### THE PROBLEM
Each line below must be transcribed exactly, and no picture may appear in the transcription.

### INFORMATION SHOWN
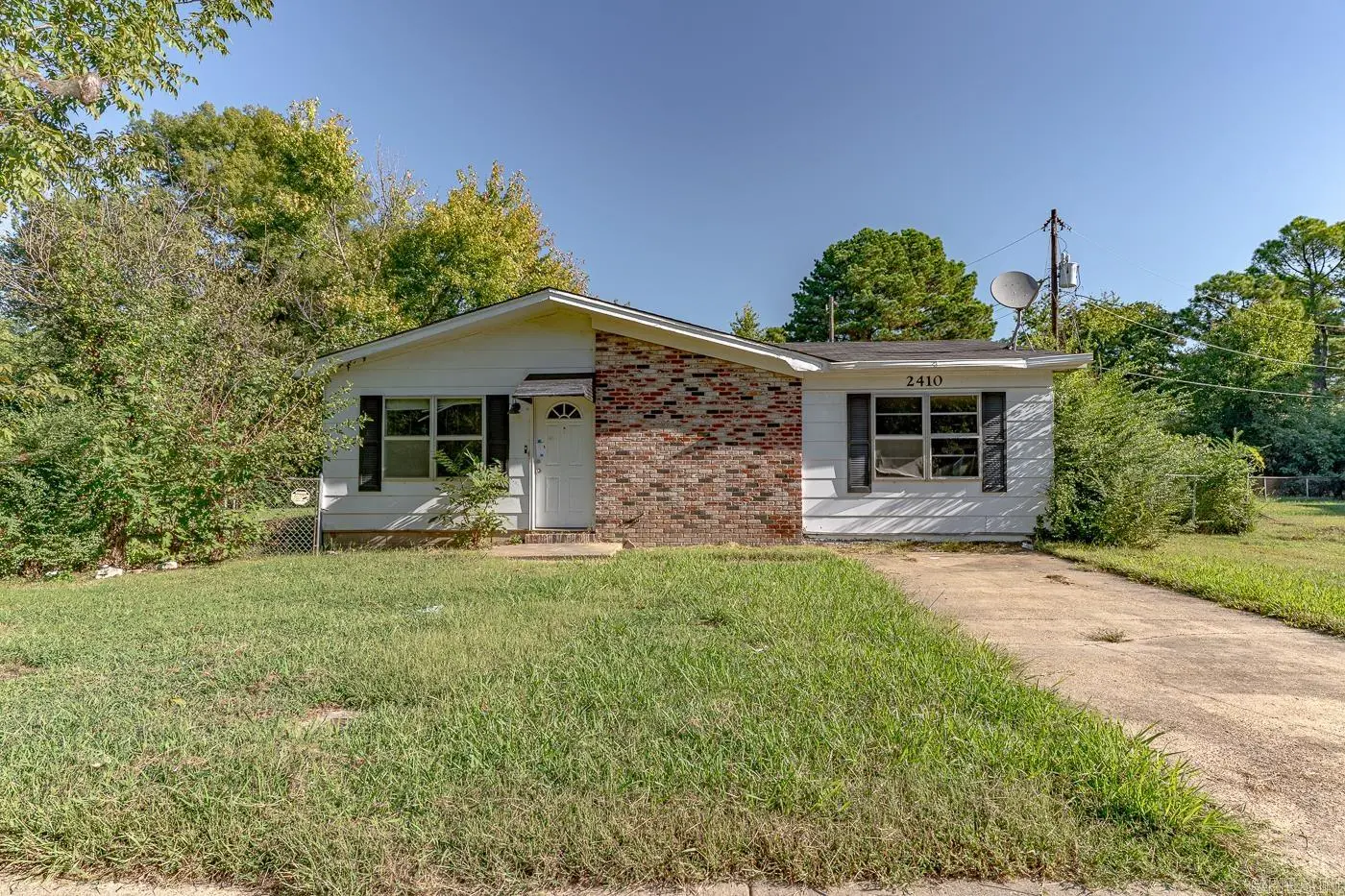 2410 Westacre Dr, Jonesboro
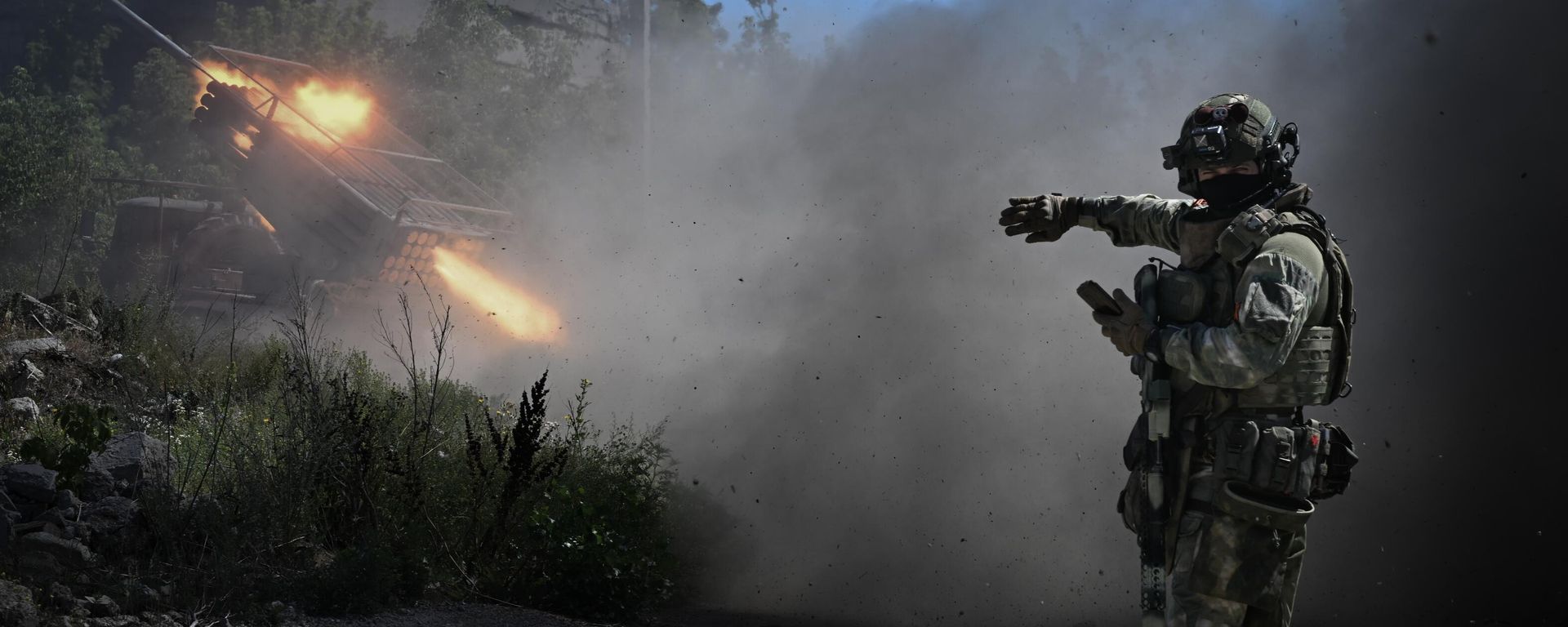 Russian servicemen of the Central Military District fire a BM-21 Grad multiple rocket launcher towards Ukrainian positions amid Russia's military operation - Sputnik International, 1920, 30.12.2025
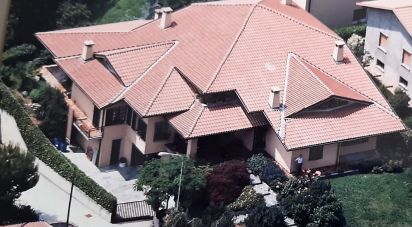 Villa Bifamiliare 20 locali di 900 m² in Vertova (24029)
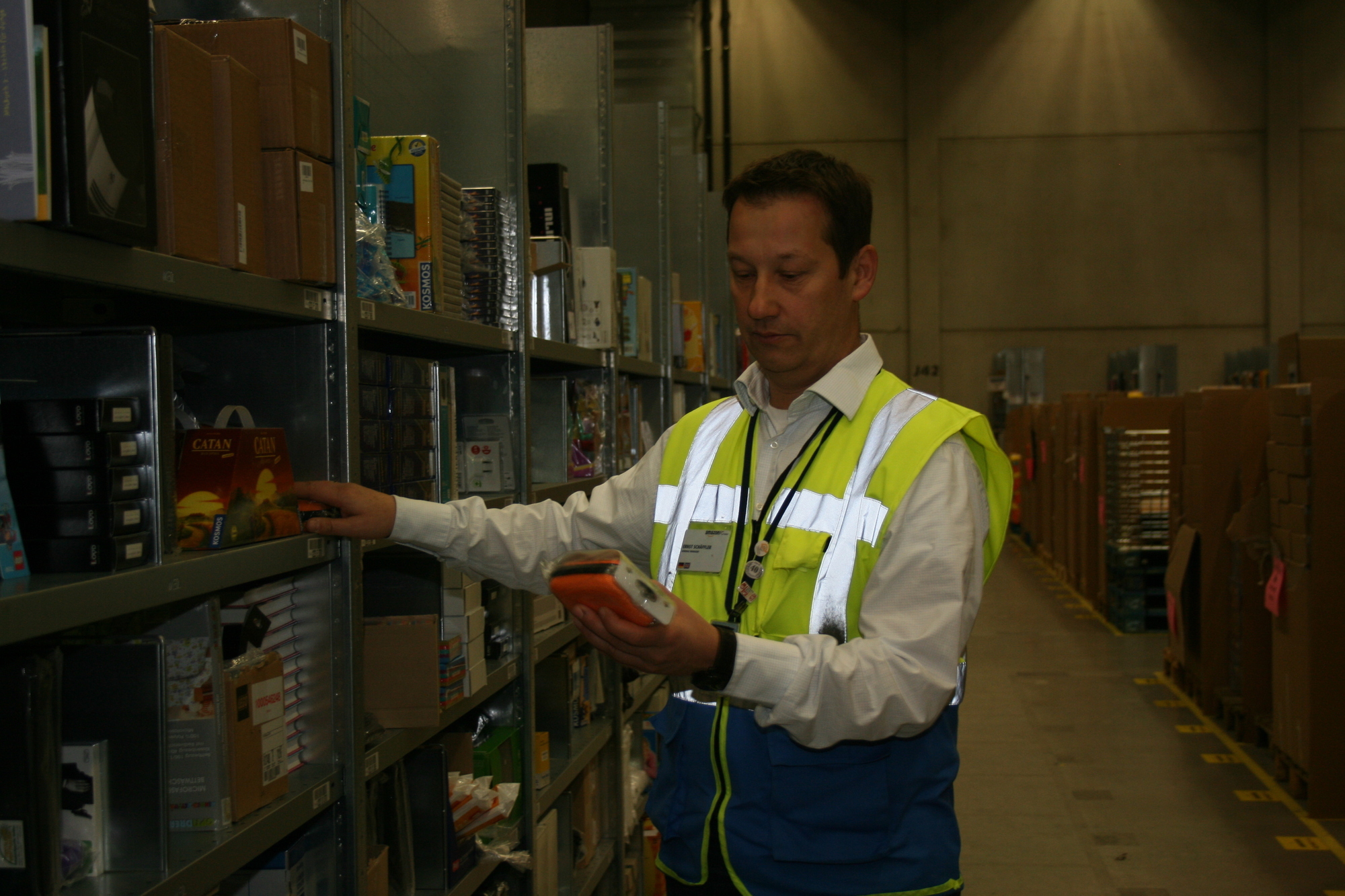 Ein Blick hinter die Kulissen am Amazon Standort in Graben. Foto: B4B WIRTSCHAFTSLEBEN SCHWABEN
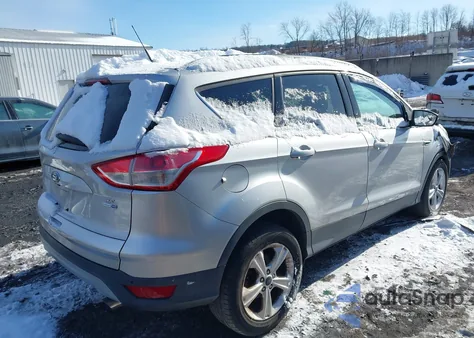 2014 Ford Escape Se z USA, uszkodzony, nr VIN 1FMCU9GX8EUA88526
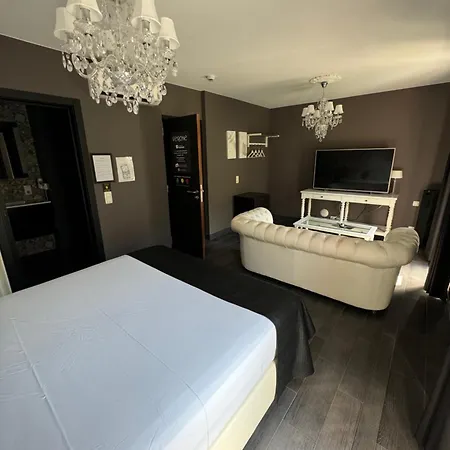 Hôtel Verone - Liège Centre Buitenkant foto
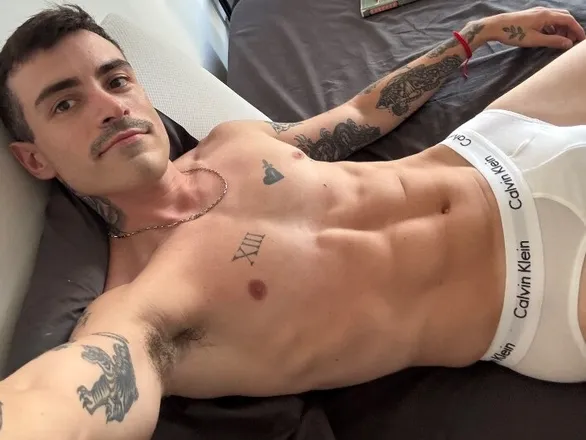 OnlyFans cuenta tattooedlatinlad header 2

### REPLY
 2410 Westacre Dr, Jonesboro
 Russian servicemen of the Central Military District fire a BM-21 Grad multiple rocket launcher towards Ukrainian positions amid Russia's military operation - Sputnik International, 1920, 30.12.2025
 Villa Bifamiliare 20 locali di 900 m² in Vertova (24029)
 Ein Blick hinter die Kulissen am Amazon Standort in Graben. Foto: B4B WIRTSCHAFTSLEBEN SCHWABEN
 2014 Ford Escape Se z USA, uszkodzony, nr VIN 1FMCU9GX8EUA88526
 Hôtel Verone - Liège Centre Buitenkant foto
 OnlyFans cuenta tattooedlatinlad header 2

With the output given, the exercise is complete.